Problem requirements — Find the line with "de teca vidaXL" in the entries below, then output every line from it down to the line with "Chantelle Pure Lace", exactly and with no pictures.

Dataset records —

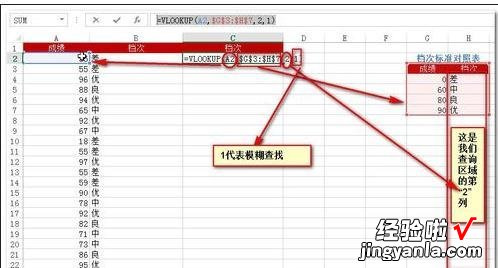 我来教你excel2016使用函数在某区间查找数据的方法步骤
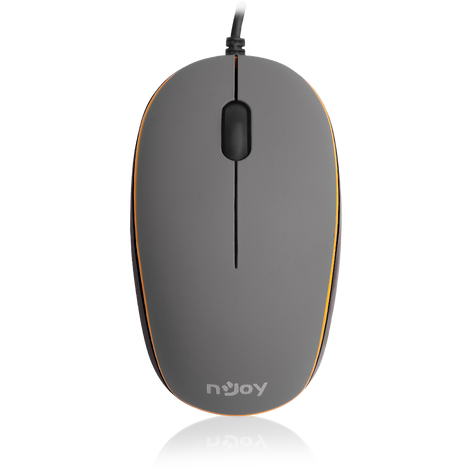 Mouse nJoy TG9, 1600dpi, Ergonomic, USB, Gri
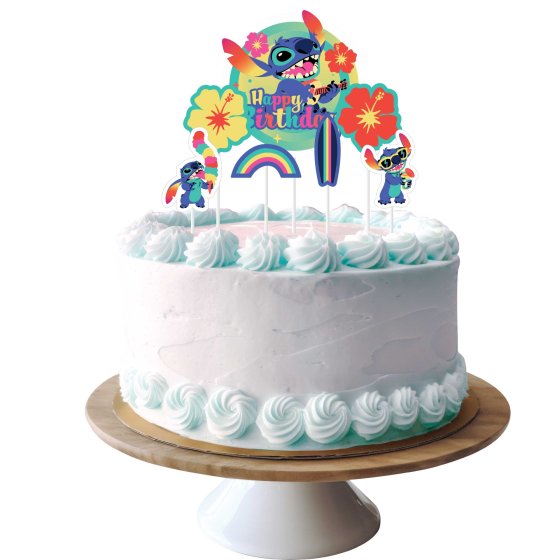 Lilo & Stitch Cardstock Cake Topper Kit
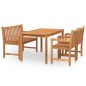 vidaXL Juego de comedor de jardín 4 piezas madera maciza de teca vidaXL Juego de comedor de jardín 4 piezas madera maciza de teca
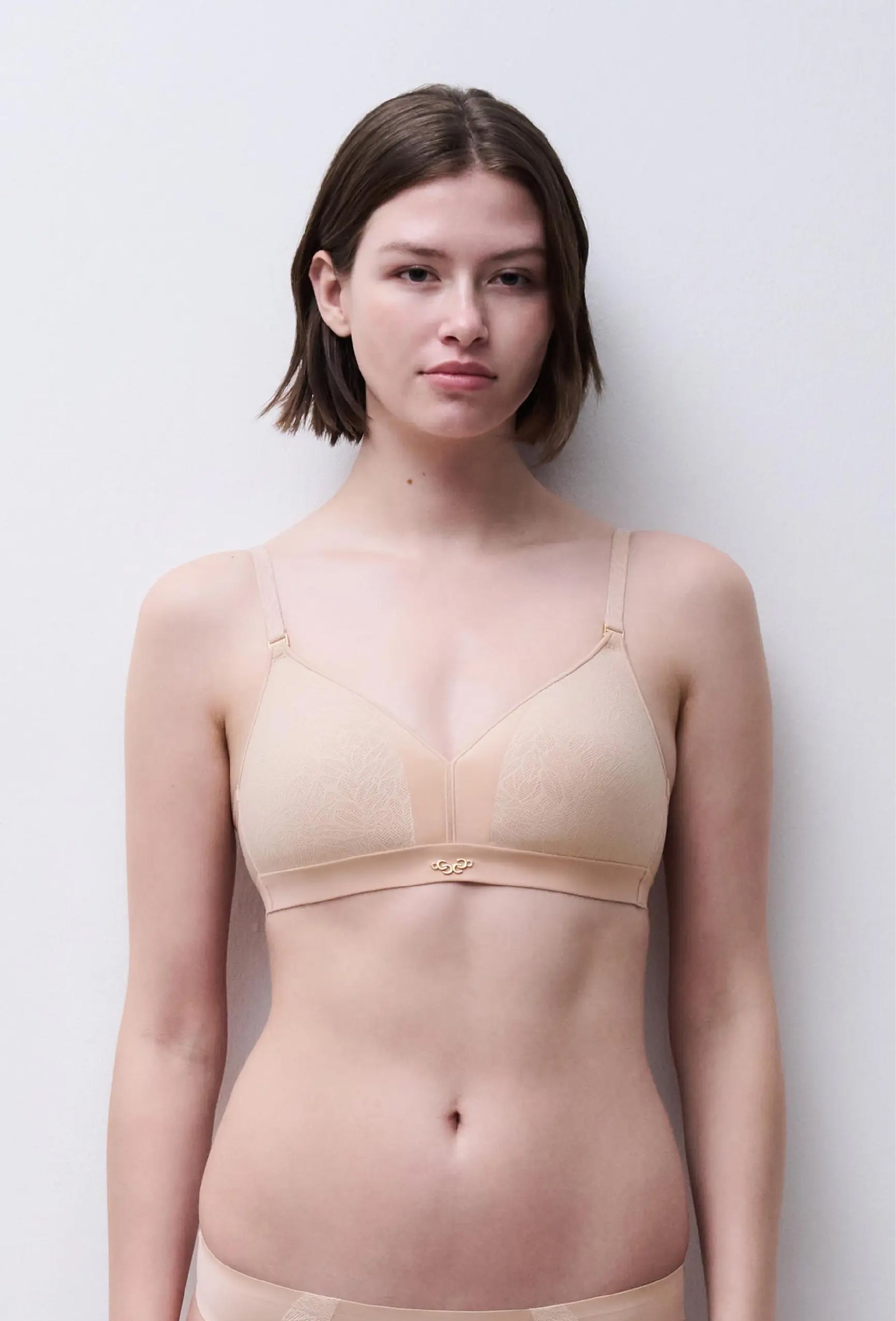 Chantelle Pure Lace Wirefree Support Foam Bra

...

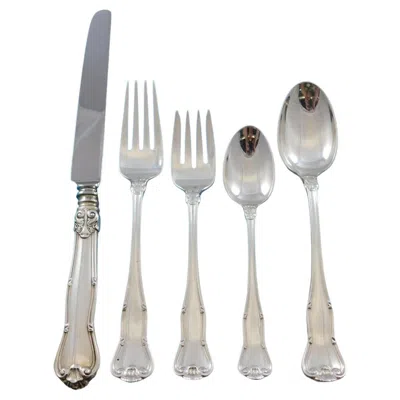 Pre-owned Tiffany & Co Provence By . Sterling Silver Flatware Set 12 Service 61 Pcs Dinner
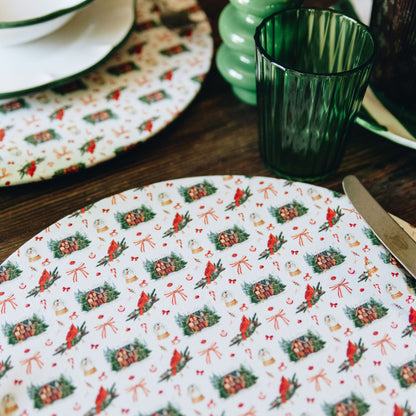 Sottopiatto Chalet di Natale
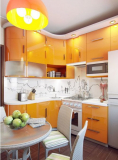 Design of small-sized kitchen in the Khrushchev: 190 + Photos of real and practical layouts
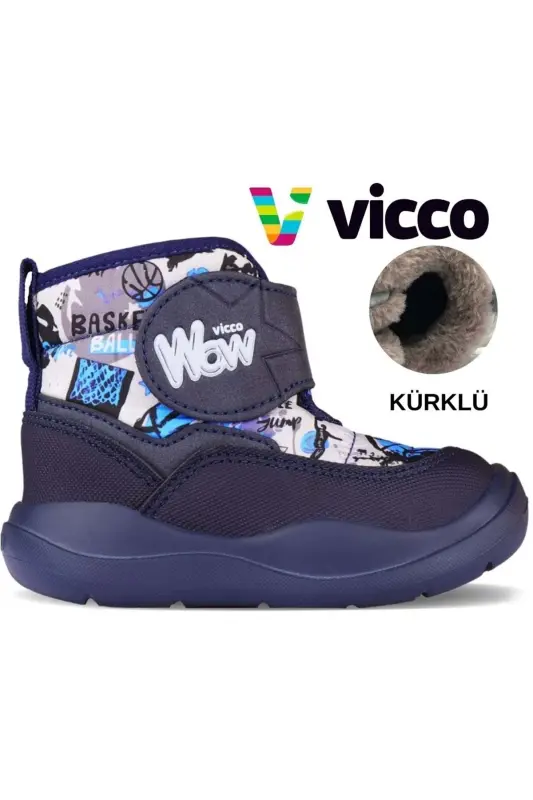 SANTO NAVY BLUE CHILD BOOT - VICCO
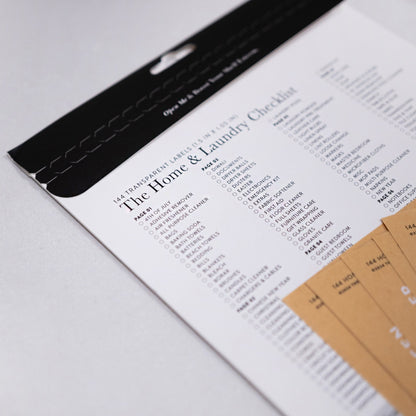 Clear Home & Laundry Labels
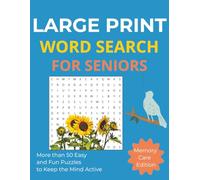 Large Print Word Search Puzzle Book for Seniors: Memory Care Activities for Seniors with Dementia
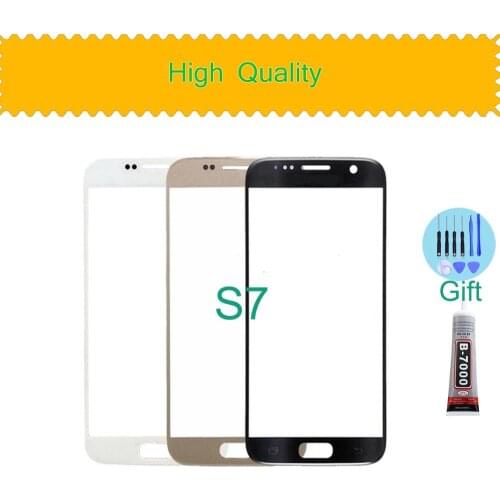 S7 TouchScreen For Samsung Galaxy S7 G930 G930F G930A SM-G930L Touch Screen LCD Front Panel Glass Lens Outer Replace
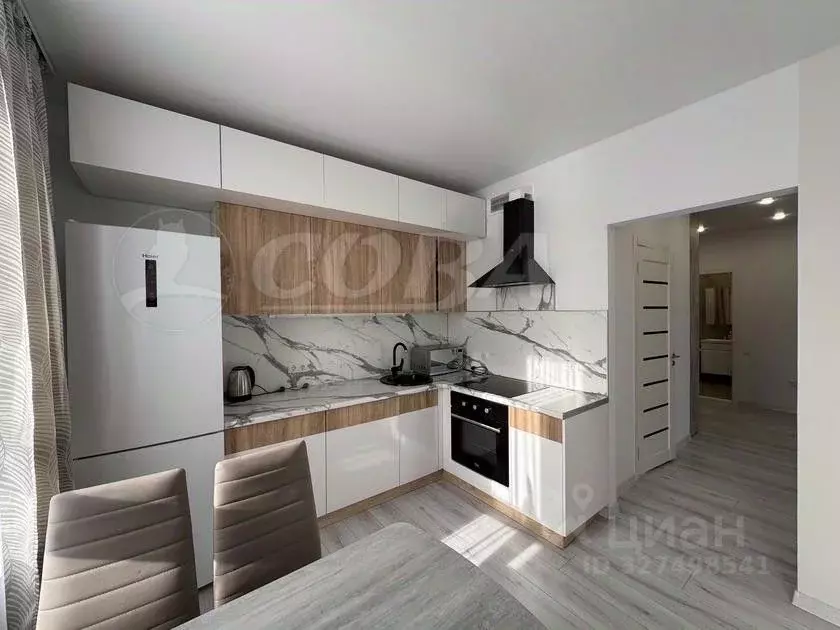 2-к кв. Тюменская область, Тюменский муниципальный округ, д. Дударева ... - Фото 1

Response area —
 vidaXL Juego de comedor de jardín 4 piezas madera maciza de teca vidaXL Juego de comedor de jardín 4 piezas madera maciza de teca
 Chantelle Pure Lace Wirefree Support Foam Bra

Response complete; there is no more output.